(Bloomberg) -- JPMorgan Chase & Co. (NYSE:JPM) strategists led by Marko Kolanovic say it’s time to buy beaten-down stocks such as small caps after those companies priced in an economic recession that’s unlikely to come true.
“Many market metrics such as recent performance of high vs. low beta stocks and valuations of small caps are already fully pricing in a recession -- something we do not see materializing,” Kolanovic wrote in a note to clients. “The equity market sell-off is overdone in our view, and we reiterate our call to buy the dip, particularly in cyclicals and small caps.”
Read: Bearish Bets on Small Caps Ease With Analysts Seeing More Gains
Stocks rebounded Monday, after concern over Federal Reserve tightening sent equity benchmarks to one of the worst starts of a year in decades.
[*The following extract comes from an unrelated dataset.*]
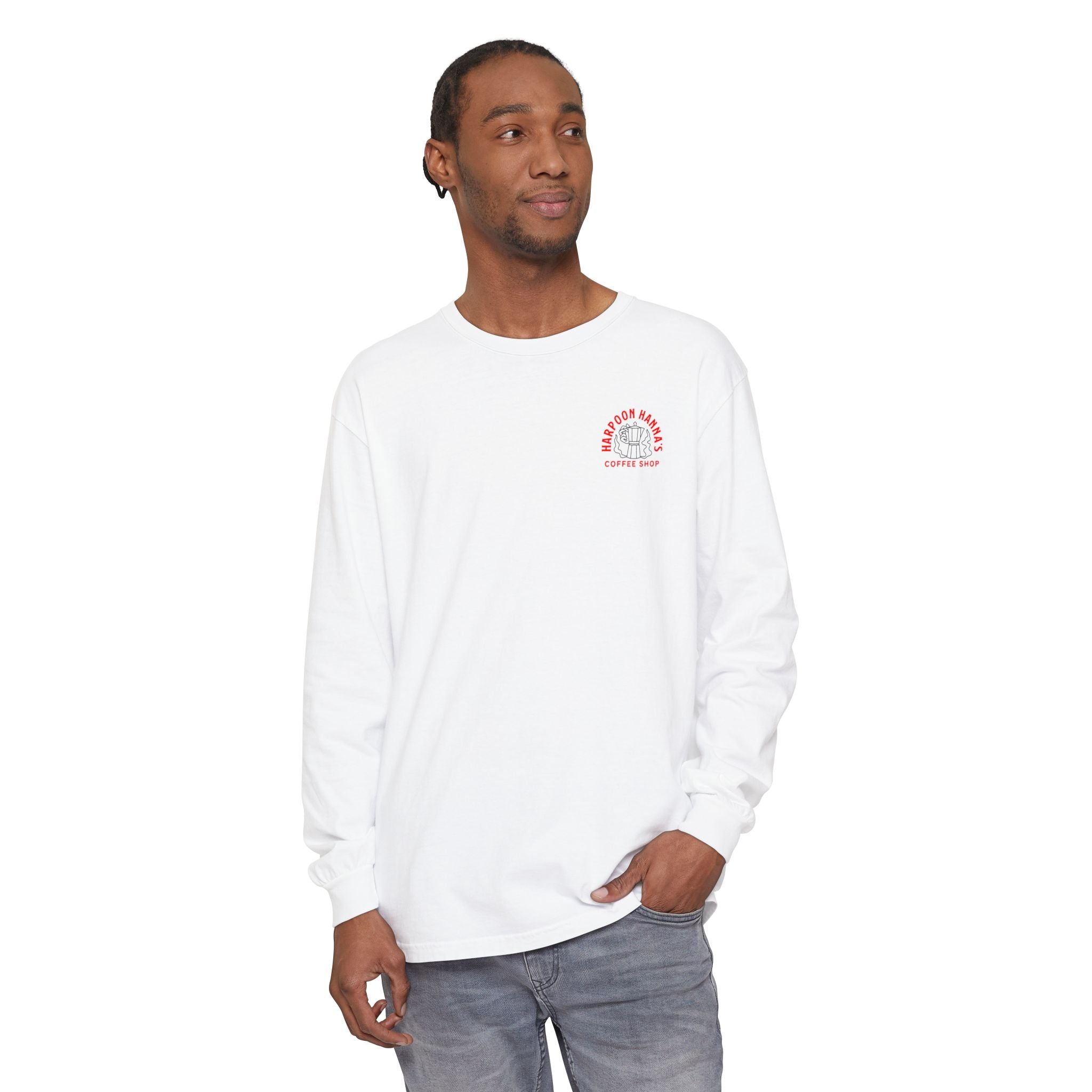 Harpoon Hanna's Moka Pot Long Sleeve T-Shirt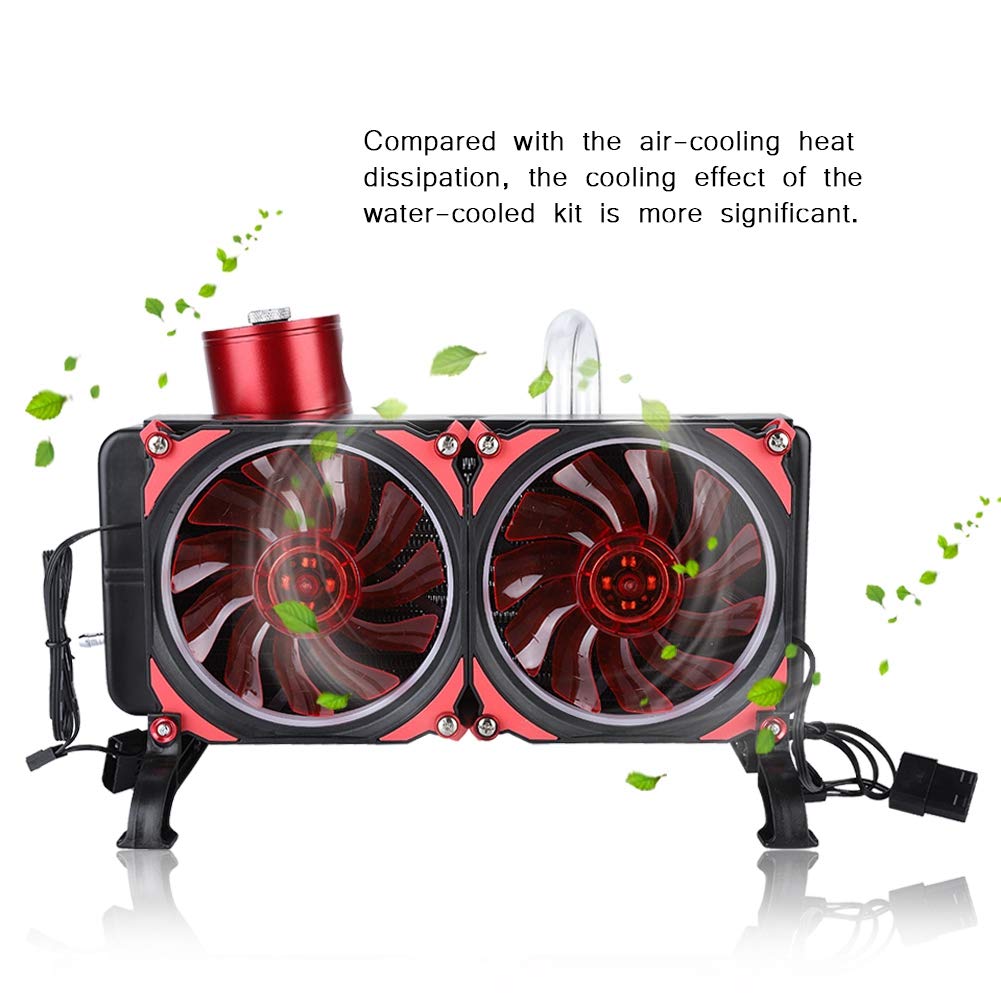 High Performance PC Water Cooling Kit - 18 Waterways Liquid CPU Cooler with SC600 Pump, G1/4 CPU/GPU Block & Heat Sink - Complete DIY Computer Water-Cooled Set for Gaming Rigs & Overclocking Systems (Includes Fans & Coolant) - Perfect for Extreme Gaming, Video Editing & High-End Workstations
The Russell 2000 of smaller companies advanced more than 2%, extending a similar bounce from Friday. Last week, the index entered a bear market as a selloff from its record topped 20%.
Kolanovic, a steadfast equity bull who favors cheap, economically sensitive stocks, said investor fear of a Fed policy mistake is misplaced. While JPMorgan now anticipates the U.S. central bank will raise interest rates seven times through March 2023, he expects the backdrop of above-trend economic expansion and corporate earnings to help the market weather the hit from the valuation front.
“While jitters around a Fed hiking cycle are understandable, this has been magnified by technical factors that can change quickly,” he wrote. “We could see a reversal of systematic outflows, pickup in buyback activity.”